Towards Principled Task Grouping for Multi-Task Learning
Chenguang Wang, Xuanhao Pan, Tianshu Yu
TL;DR
This work tackles the challenge of negative and positive transfer in multi-task learning by introducing a principled task-grouping approach built on assumption-free transfer gains. It proposes a generic, budget-aware mixed-integer programming framework that assigns tasks to groups to maximize aggregated transfer gains while enforcing real-world constraints, and it provides complexity-aware strategies to reduce computation. Empirical results across Taskonomy, CelebA, COP, and ETTm1 demonstrate consistent gains over STL, traditional MTL, and existing grouping methods, with demonstrated robustness to group-size constraints and substantial efficiency improvements via sampling and lazy collection. The approach offers practical scalability and broad applicability to computer vision, combinatorial optimization, and time-series domains, marking a significant advance in principled, resource-aware MTL design.
Abstract
Multi-task learning (MTL) aims to leverage shared information among tasks to improve learning efficiency and accuracy. However, MTL often struggles to effectively manage positive and negative transfer between tasks, which can hinder performance improvements.
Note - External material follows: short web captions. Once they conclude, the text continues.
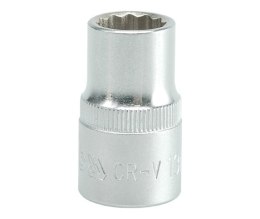 NASADKA KRÓTKA 12-KĄTNA CHROMOWANA 1/2'' 15MM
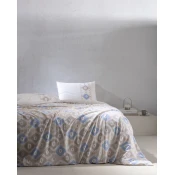 Madame Coco Set posteljine Avril, 160x220cm, Bež - plava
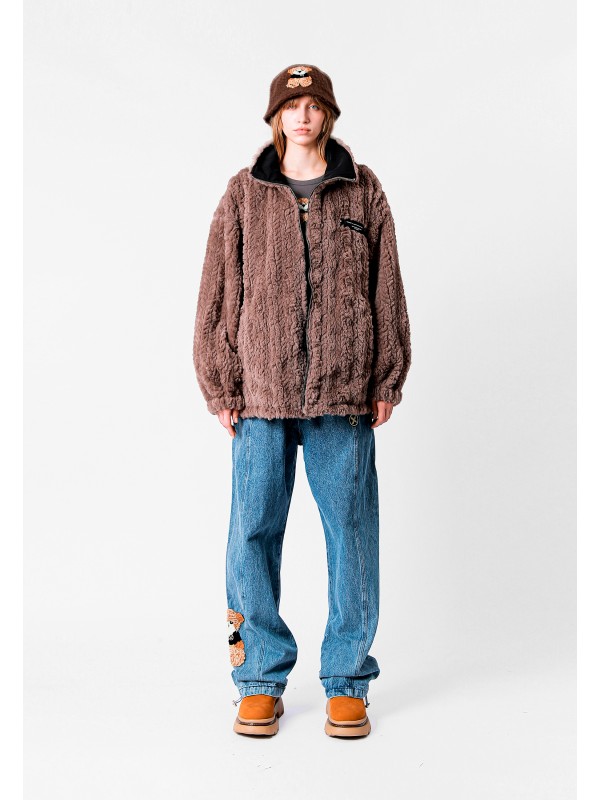 MWM MIKE TEDDY REVERSIBLE FAUX FUR JACKET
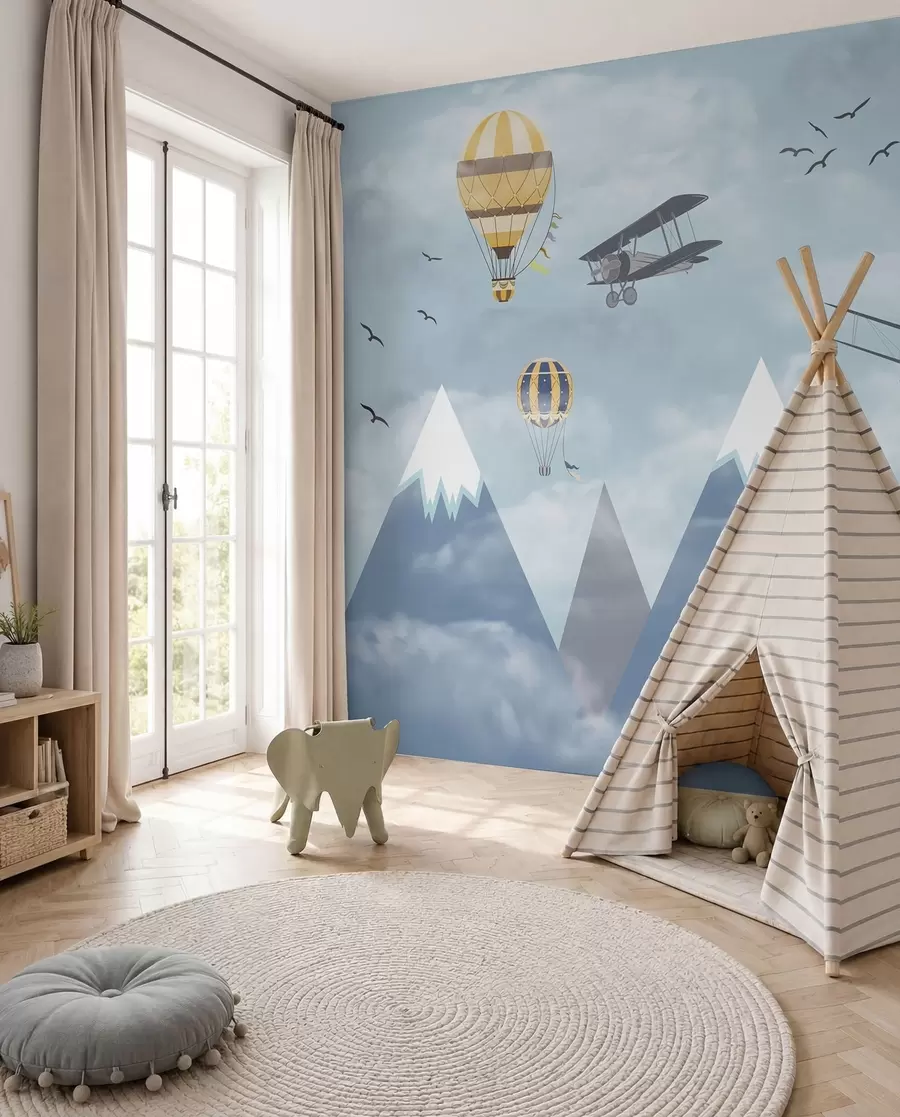 wall murals Little Alpine Aviators u60492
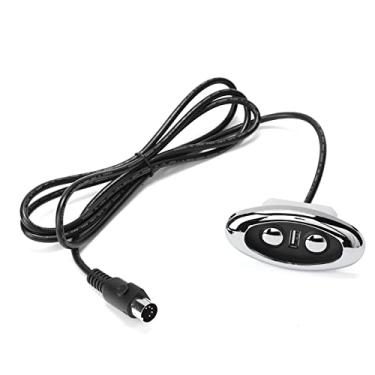Imagem de Controlador manual de sofá GRCFUMO, controlador elétrico de sofá, controlador de sofá de 2 botões, interruptor de controle manual de sofá com luz de fundo LED e entrada de porta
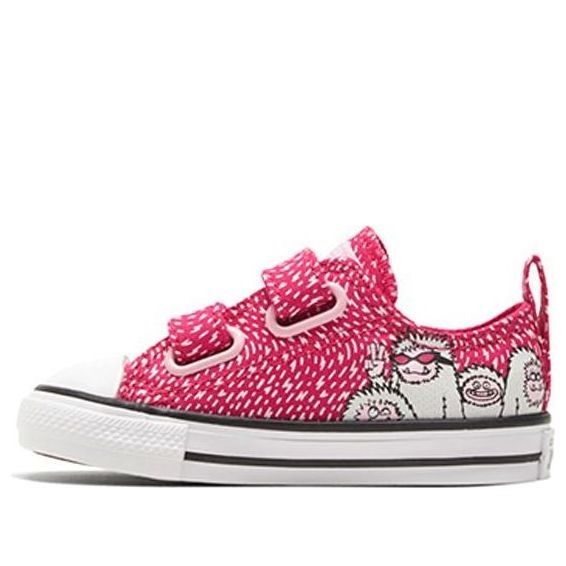 (TD) Converse Chuck Taylor All Star 2V Pink Snowman Low 'Pink Blue' 769304C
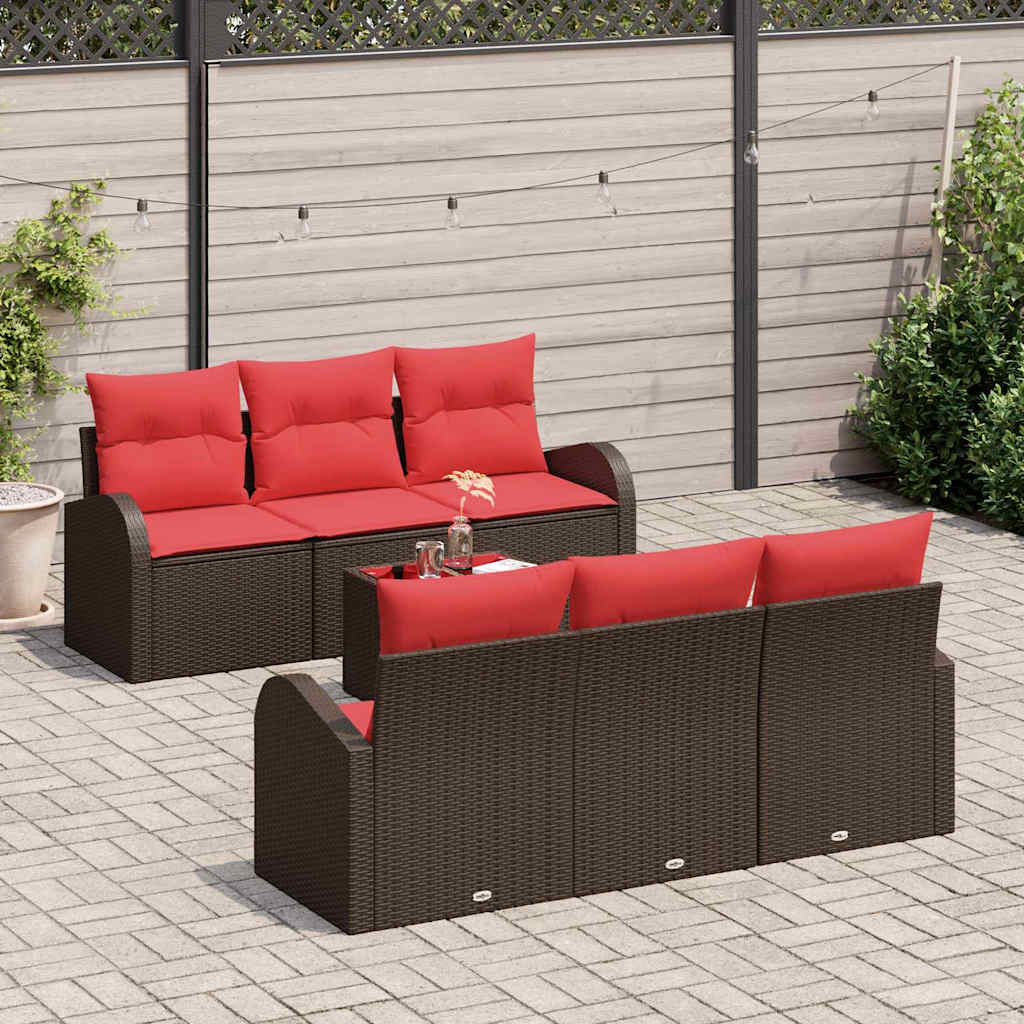 Gartensofa-set Braun 55 x 55 x 37 cm Poly-Rattan
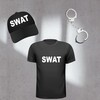 foto 6 Swat set handboeien swat pet en swat t-shirt leuk voor carnaval 2026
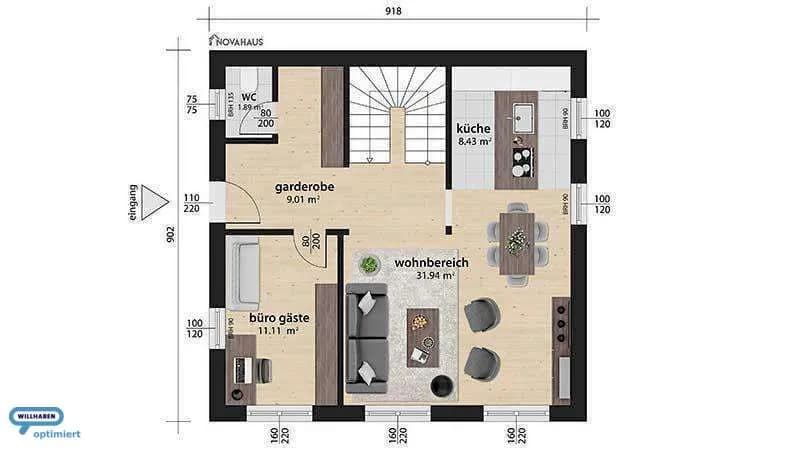 5-Zimmer-Haus kaufen in Gmunden – 100 m², € 289.000 – Bild 21 von 22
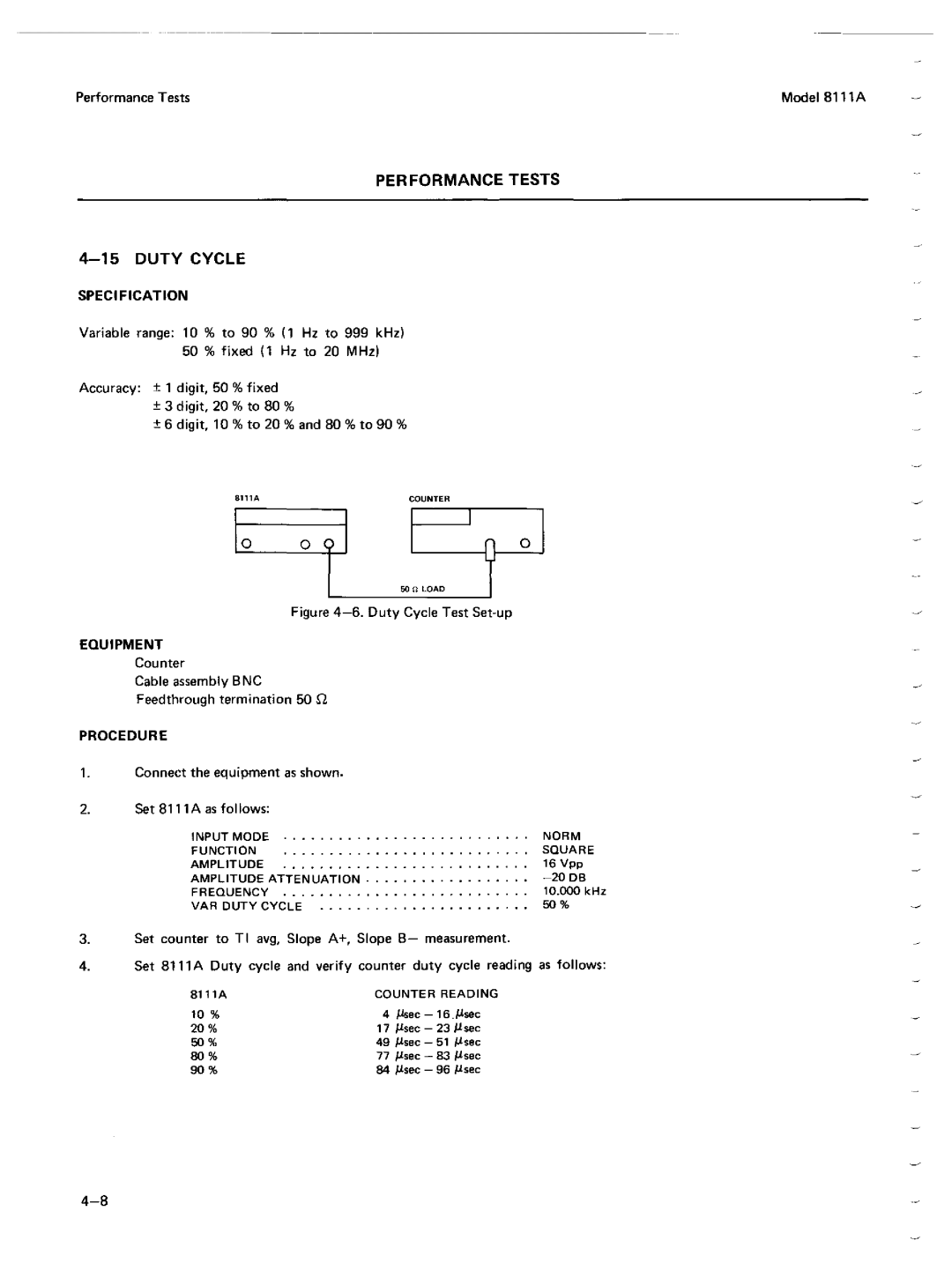 Agilent Technologies 08111-90002 service manual 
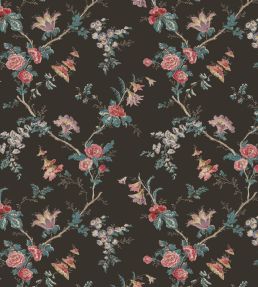 Boscobel Wallpaper by Nina Campbell Chocolate/Rose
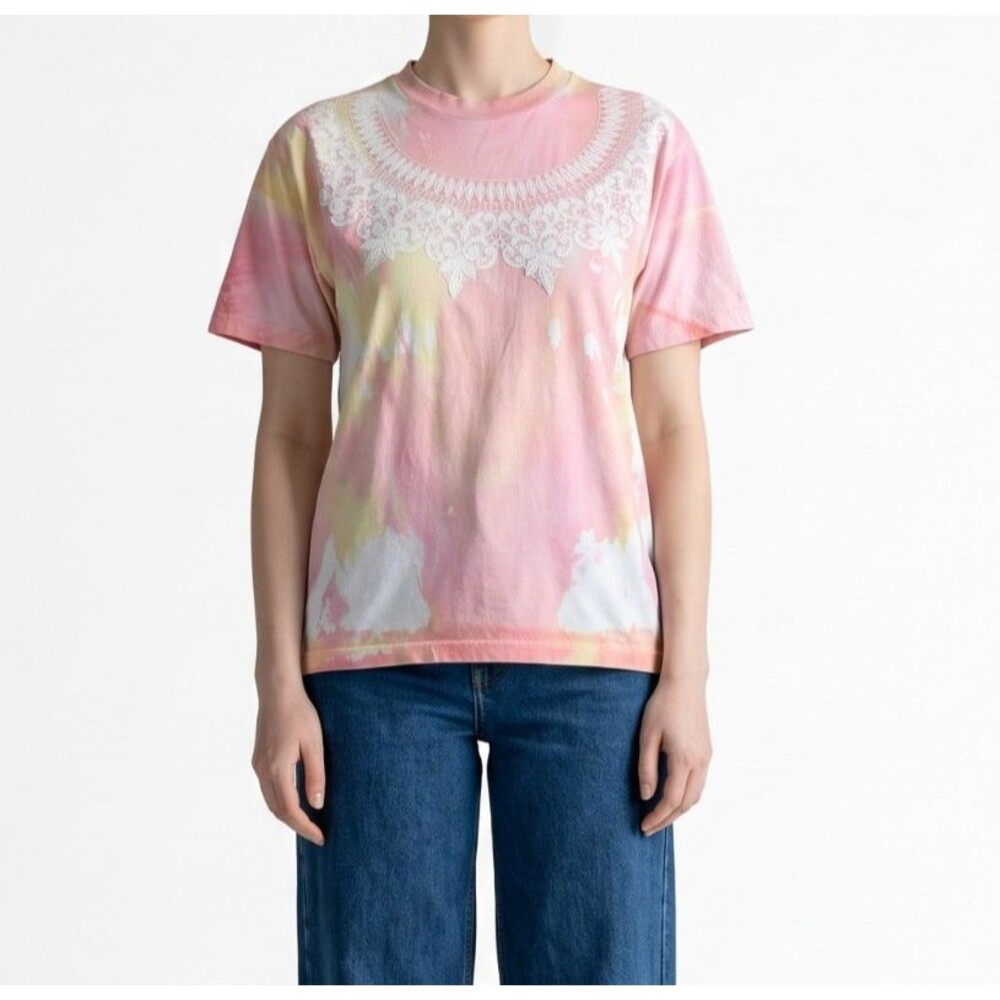 90s Land N Sea Tie Dye T-shirt XL USA Single Stitch Grandmacore Glitter Graphic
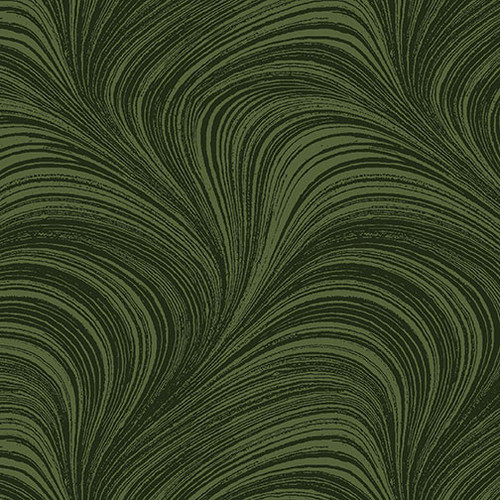 Dark Green Wave Texture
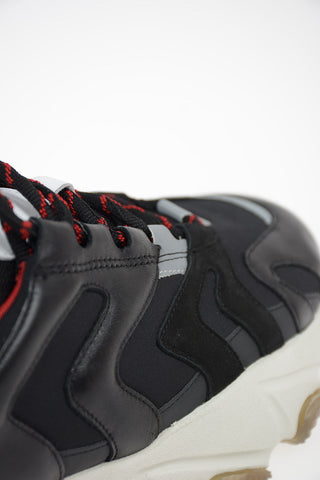 Chunky Sneakers EAGLE in Pelle e tessuto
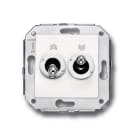 FONTINI - Mecanismo persiana F-37 ROCKING cromo blanco (Pack)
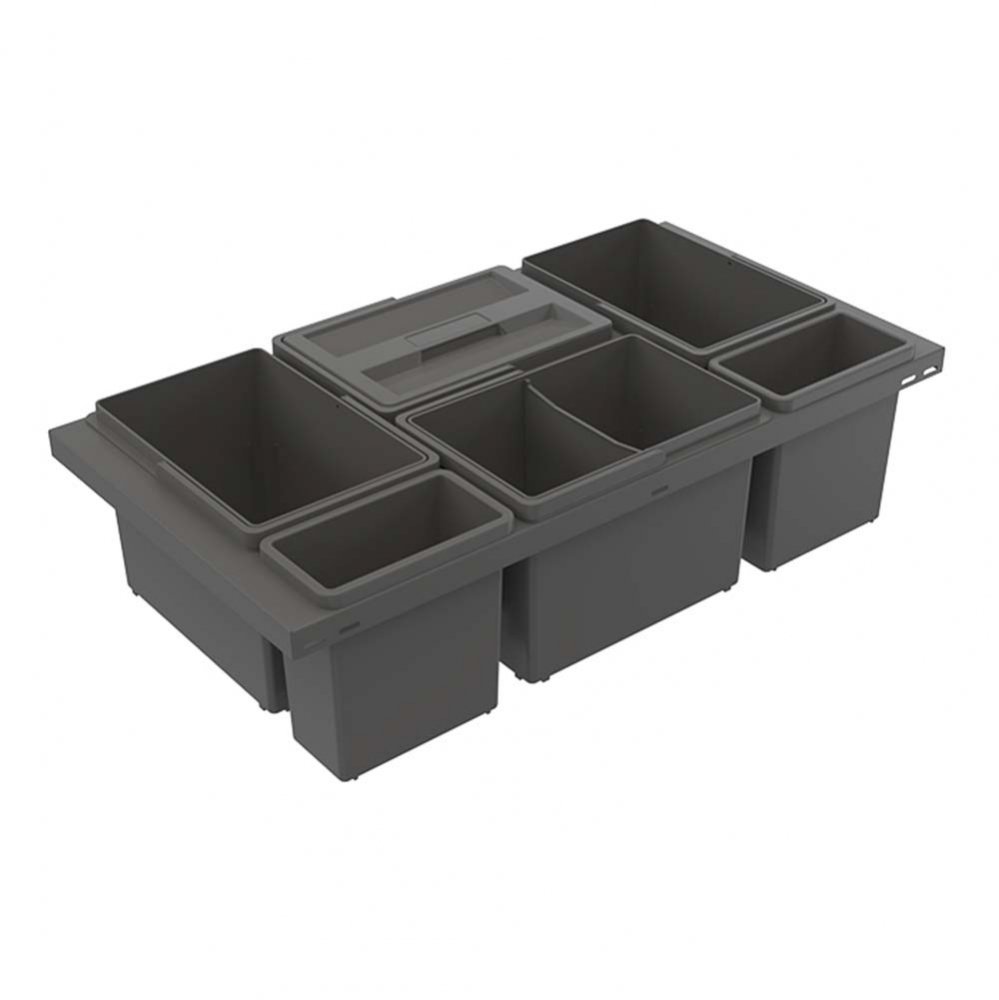 Recycling Bin - Cube Basic Low - Dark Grey in the group Storage  / All Storage / Waste sorting solution at Beslag Online (for-cube-basic-low-gra)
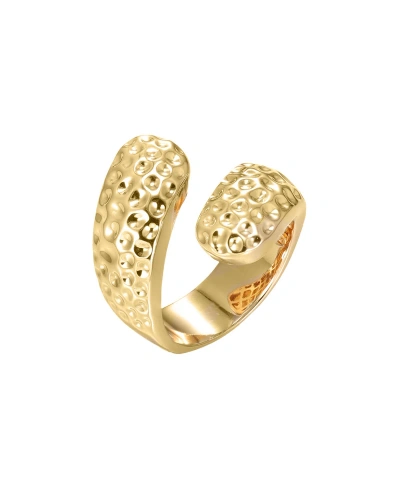 By Adina Eden Indented Puffy Open Claw Ring In Gold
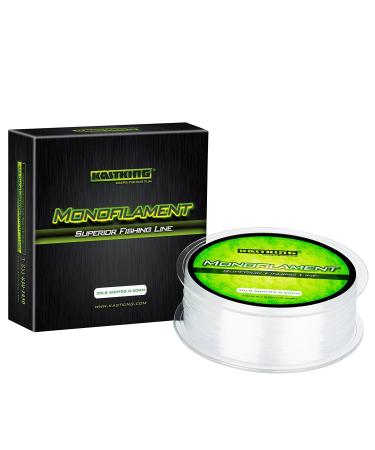 KastKing World's Premium Monofilament Fishing Line - Paralleled Roll Track - Strong and Abrasion Resistant Mono Line - Superior Nylon Material Fishing Line - 2015 ICAST Award Winning Manufacturer 300Yds/8LB Ice Clear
Task grouping addresses this challenge by organizing tasks into meaningful clusters, maximizing beneficial transfer while minimizing detrimental interactions. This paper introduces a principled approach to task grouping in MTL, advancing beyond existing methods by addressing key theoretical and practical limitations. Unlike prior studies, our method offers a theoretically grounded approach that does not depend on restrictive assumptions for constructing transfer gains. We also present a flexible mathematical programming formulation that accommodates a wide range of resource constraints, thereby enhancing its versatility. Experimental results across diverse domains, including computer vision datasets, combinatorial optimization benchmarks, and time series tasks, demonstrate the superiority of our method over extensive baselines, thereby validating its effectiveness and general applicability in MTL without sacrificing efficiency.